Una ciudad fronteriza entre el Reino Tianqing y el Reino Sihai.
La Ciudad Tanglang no es en absoluto inferior a la Ciudad Heiya, protegiendo la frontera entre el Reino Tianqing y el Reino Sihai.
Debido a que la zona fronteriza entre el Reino Sihai y el Reino Tianqing es una interminable pradera, la mayoría de los caballos de guerra de ambos países se crían en esta llanura, por lo que las ciudades fronterizas entre los dos países están construidas de manera muy imponente.
Es una tarea fácil acuartelar a un millón de tropas.
Sobre la puerta de la ciudad.
Xiao Yi, Gu Junhe, Yu Huaxian, Jiang Weisheng, Xue Bufan, Jiang Tai, Huangpao y otros estaban todos presentes.
Las banderas azotaban el cielo azul, ondeando en el viento.
En la llanura de abajo, un feroz viento frío soplaba a través de la inmensa extensión, donde los cien mil Guardias del Cuervo Dorado del Gran Reino Jin y un ejército de un millón de soldados estaban dispuestos en línea.
No hicieron ningún intento de ocultarse; a los ojos del Gran Reino Jin, el Reino Tianqing no era más que hormigas, fácilmente aplastables con la mano, especialmente porque esta batalla era una venganza para el Gran Reino Jin.
Su objetivo no era solo aniquilar el Reino Tianqing, sino también intimidar a sus estados vasallos.

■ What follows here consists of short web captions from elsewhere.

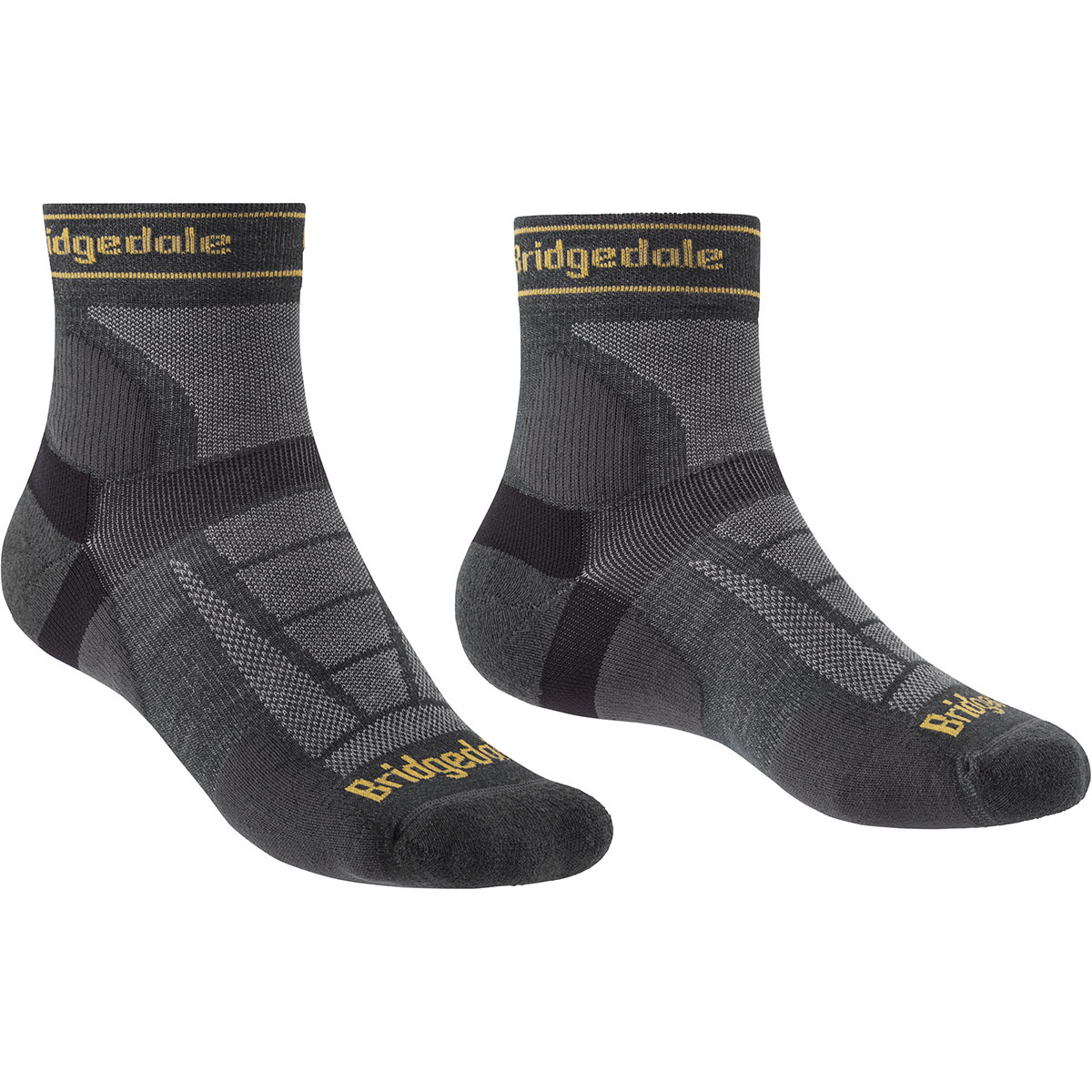 foto del prodotto bridgedale uomo calze 3 4 sportive con lana merino ultraleggere t2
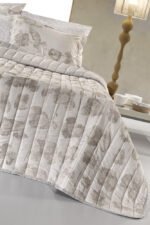 Κουβερλί Υπέρδιπλο 220x240 Guy Laroche Deco Sand - Image 3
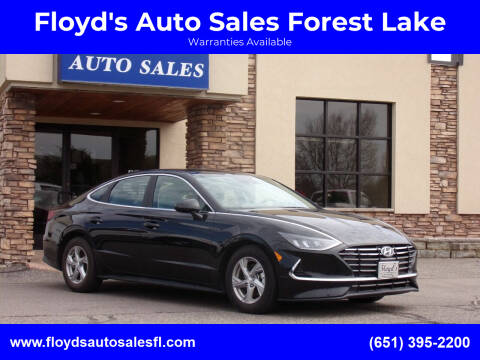 2021 Hyundai Sonata for sale at Floyd's Auto Sales Forest Lake in Forest Lake MN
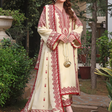 Asim Jofa - Winter 3PC Dhanak Embroidered Suit - HC3383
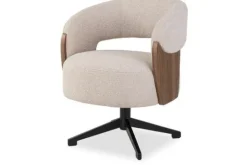 Online Richmond Interiors Eetkamerstoel 214536 Lodge Desert Walnut Pollux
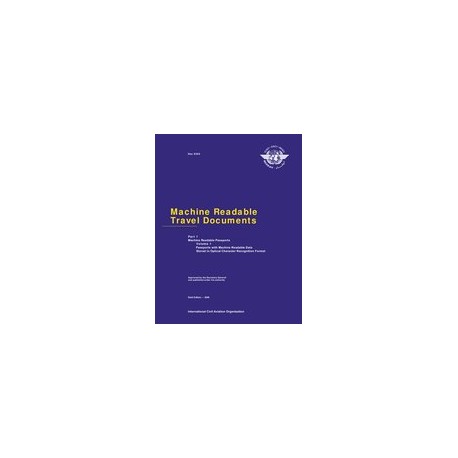 ICAO 9303 Part 1 Volume 1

¡Para mostrar el poderío del Gran Reino Jin!
¡Bajo el Gran Qian, el Gran Jin reina supremo!
Por lo tanto.
Tan pronto como Qin Yu llegó a las afueras de la Ciudad Tanglang, ordenó a sus tropas desplegarse completamente, con un ímpetu imponente, y una poderosa intención asesina condensada en nubes rojo sangre.
Más de un millón de personas permanecían en silencio, con solo las banderas contra el cielo y los caballos de guerra relinchando.
La mera visión de esto era suficiente para hacer que a uno le recorriera un escalofrío por la espalda, con el pelo de punta.
Esta vez, ¡el comandante principal era Xiao Yi!
Incluso Jiang Tai, el señor del Reino Tianqing, tuvo que hacerse a un lado, pero lo hizo sin queja alguna.
En el pasado, el Reino Tianqing solo tenía una persona en el Reino Tribulación Tao, Jiang Weisheng, pero ahora había seis, incluyendo seres extraordinarios como Xue Bufan, Yu Huaxian y Huangpao, que estaban mucho más allá del típico Reino Tribulación Tao.
Detrás de él se alzaba una fuerza aún más formidable de dos millones de la Legión de los Cuatro Símbolos.
¡Un millón de caballería bestial!
¡Todo esto gracias a Xiao Yi!
El sonido de los cascos resonaba rápidamente.
Una figura salió corriendo del campamento del Gran Reino Jin, dirigiéndose directamente hacia la Ciudad Tanglang.
Este era un general en la cima del Reino Núcleo Dorado, vestido con armadura dorada.
Esta persona era un comandante de los Guardias del Cuervo Dorado.
El guerrero de armadura dorada se paró debajo de la Ciudad Tanglang, inclinando ligeramente la cabeza para mirar a Xiao Yi y los demás sobre la puerta de la ciudad con un rostro lleno de arrogancia.
—¿Quién es el señor del Reino Tianqing, Jiang Tai?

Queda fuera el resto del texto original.